(AIM OF THE EXERCISE):
The part below that opens with the line containing "iPhone 15 Pro Max 256 gb ёмкость 93" and closes with the line containing "0 Seco, Santa Clarita, CA 91350 - Image #2" should be copied exactly, minus any pictures.

(DATA SUPPLIED):
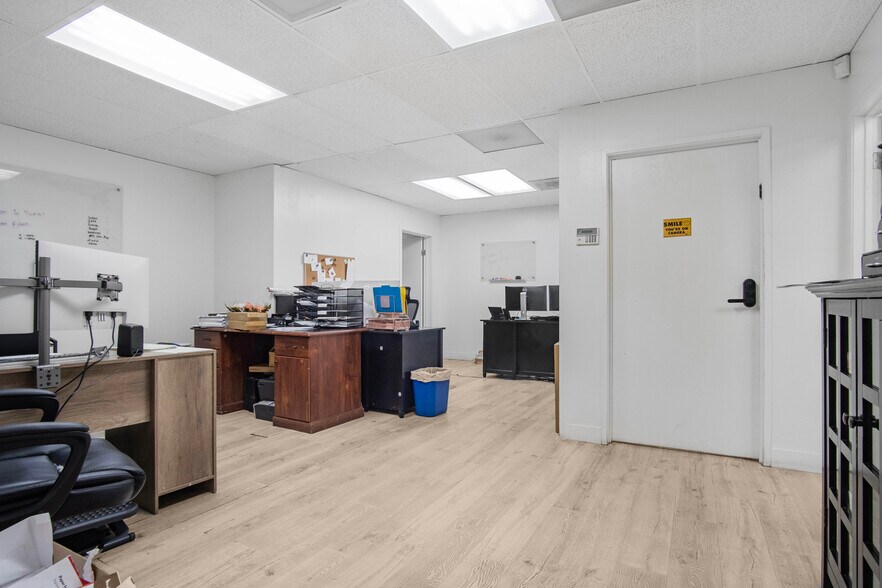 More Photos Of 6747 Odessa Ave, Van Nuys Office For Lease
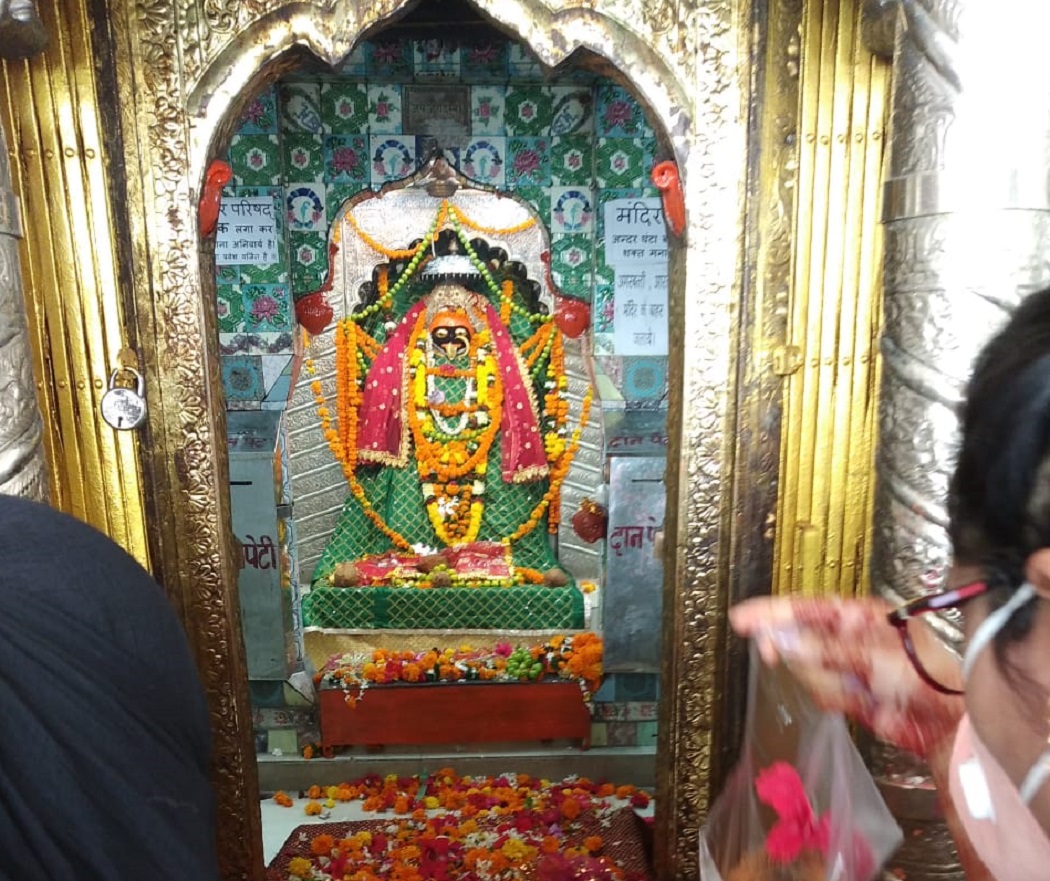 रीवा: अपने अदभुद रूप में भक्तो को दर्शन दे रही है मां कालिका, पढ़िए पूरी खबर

--

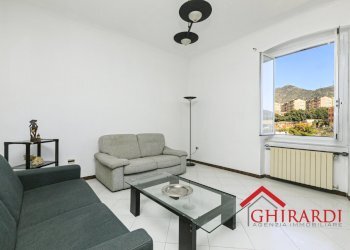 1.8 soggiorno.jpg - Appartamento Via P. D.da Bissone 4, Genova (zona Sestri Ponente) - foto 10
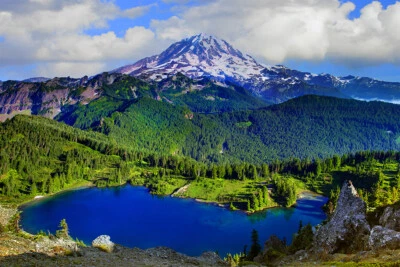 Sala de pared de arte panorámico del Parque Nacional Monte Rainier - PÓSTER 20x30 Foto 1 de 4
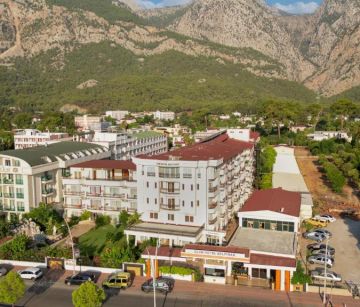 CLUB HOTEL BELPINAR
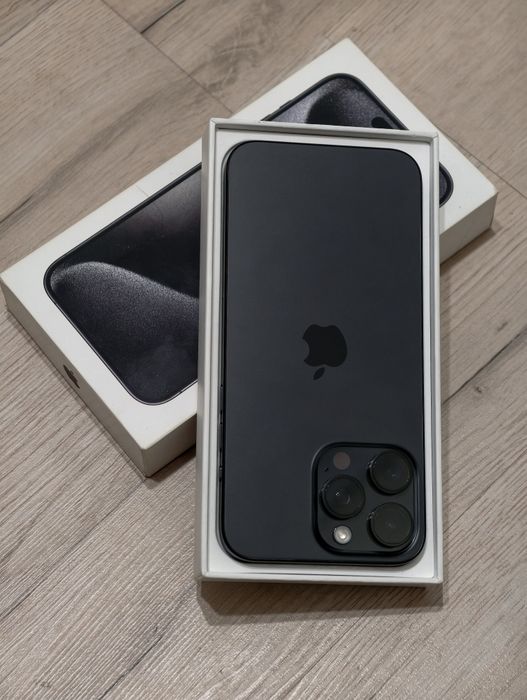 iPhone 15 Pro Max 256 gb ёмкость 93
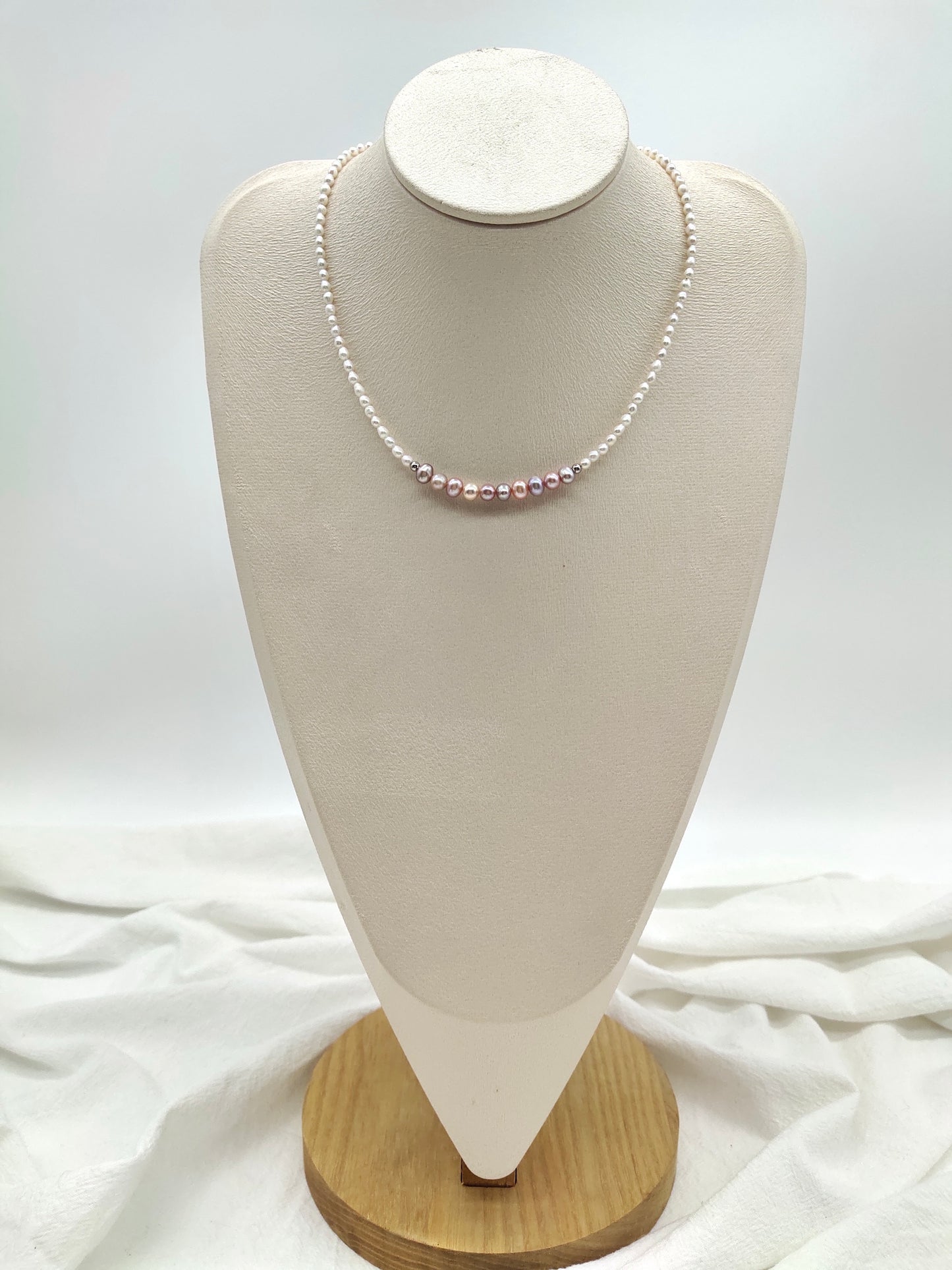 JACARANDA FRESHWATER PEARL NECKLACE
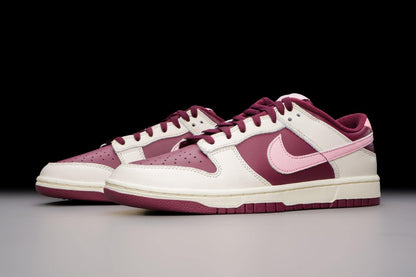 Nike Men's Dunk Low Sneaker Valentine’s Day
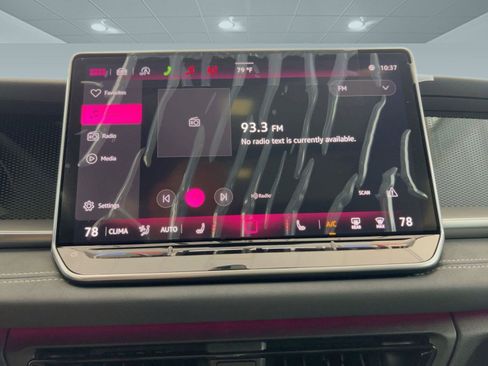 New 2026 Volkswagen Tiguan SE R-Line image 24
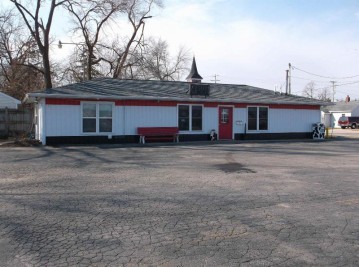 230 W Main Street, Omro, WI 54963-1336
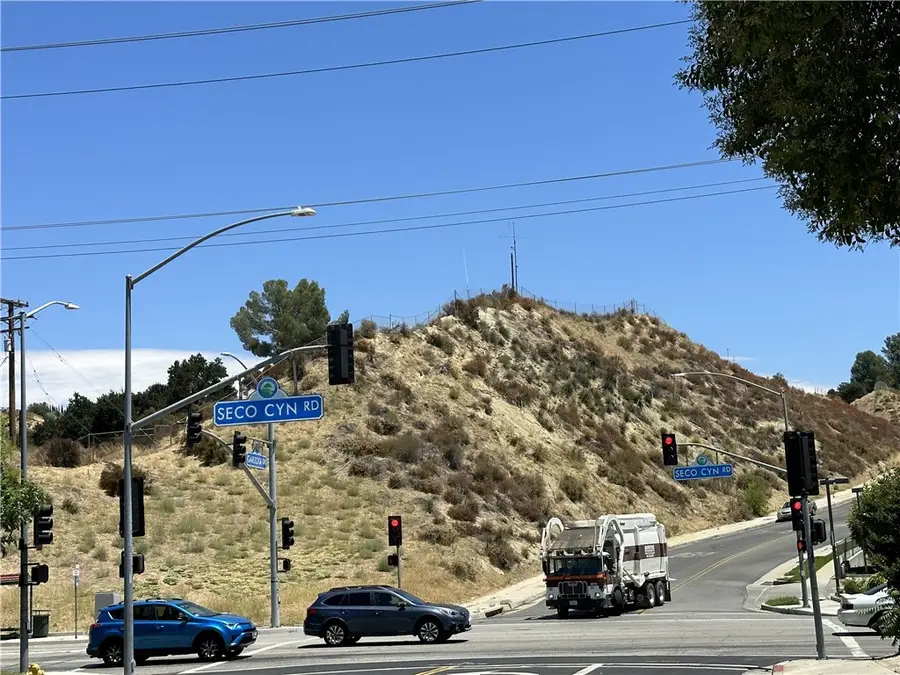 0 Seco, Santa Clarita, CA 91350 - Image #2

...

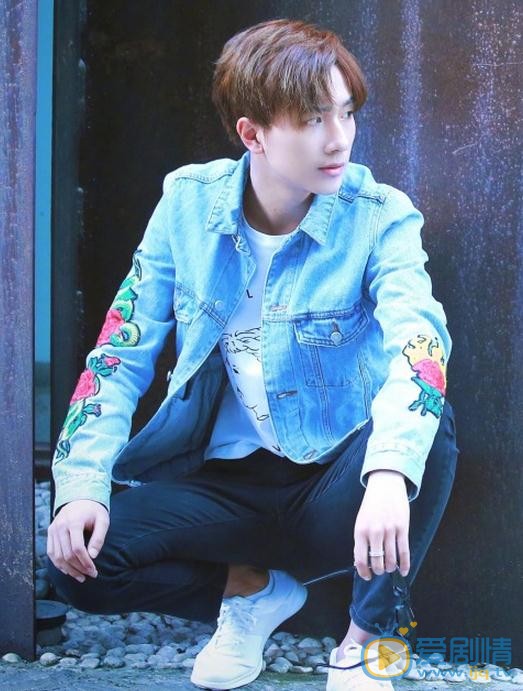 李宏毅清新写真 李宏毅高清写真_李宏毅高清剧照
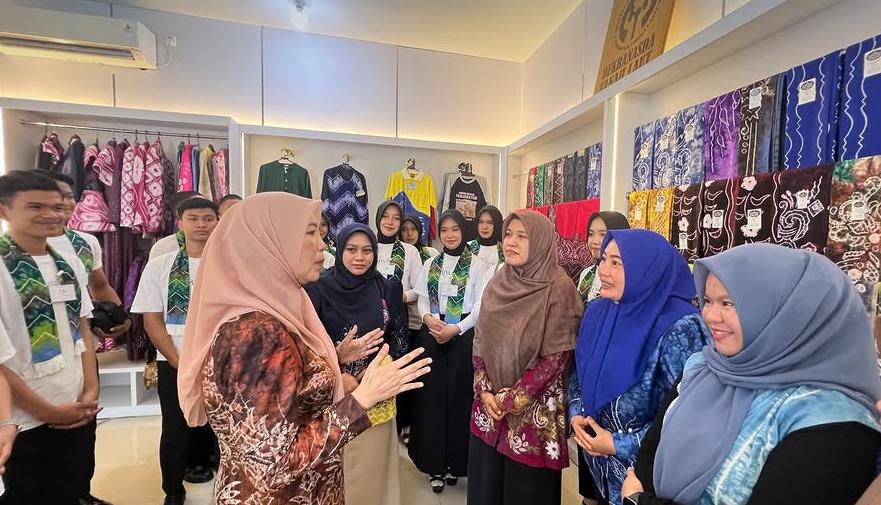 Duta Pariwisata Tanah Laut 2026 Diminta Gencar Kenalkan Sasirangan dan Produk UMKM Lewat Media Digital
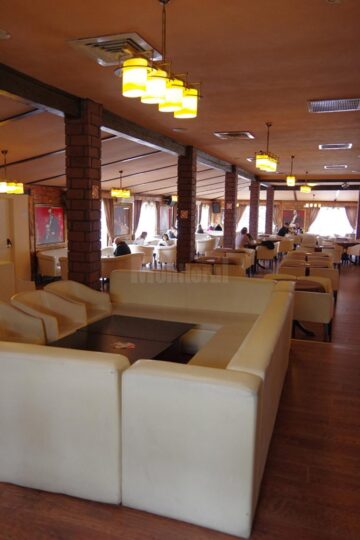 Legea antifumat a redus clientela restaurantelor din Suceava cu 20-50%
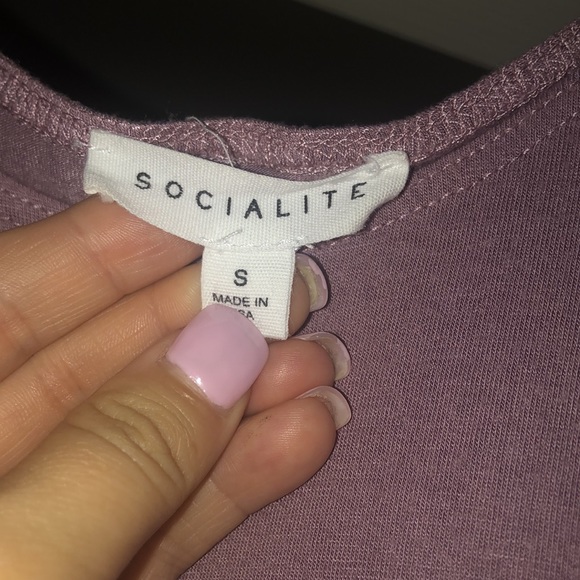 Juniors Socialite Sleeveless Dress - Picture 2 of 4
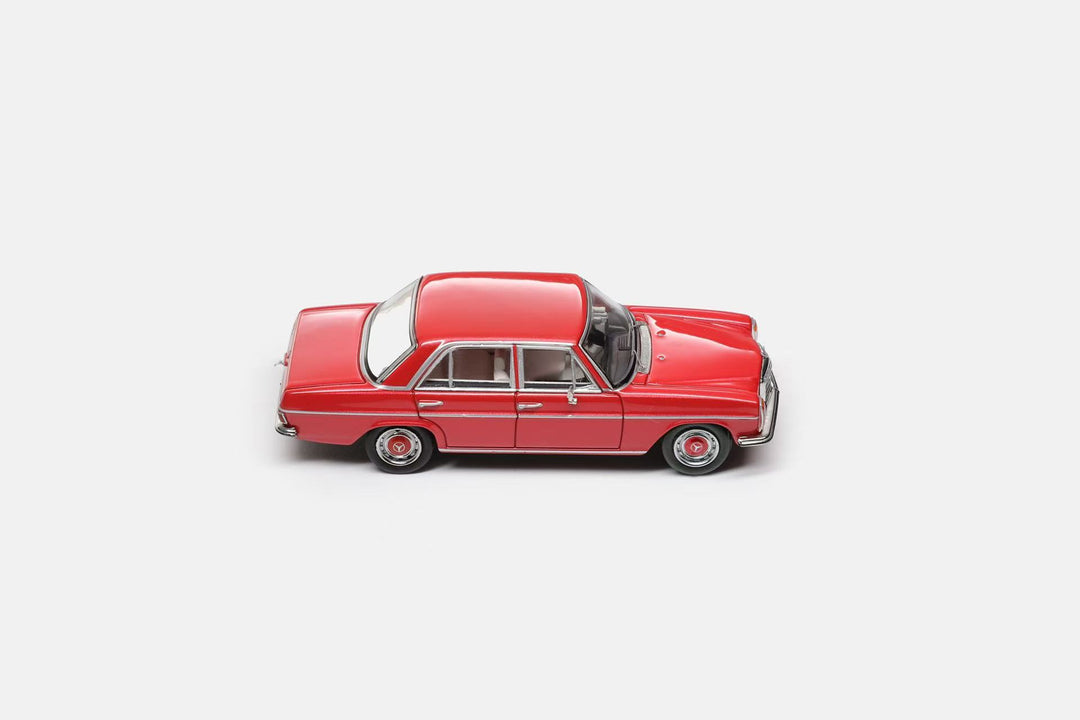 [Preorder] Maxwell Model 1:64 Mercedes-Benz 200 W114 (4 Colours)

(COMPLETED TASK):
 iPhone 15 Pro Max 256 gb ёмкость 93
 JACARANDA FRESHWATER PEARL NECKLACE
 Nike Men's Dunk Low Sneaker Valentine’s Day
 New 2026 Volkswagen Tiguan SE R-Line image 24
 230 W Main Street, Omro, WI 54963-1336
 0 Seco, Santa Clarita, CA 91350 - Image #2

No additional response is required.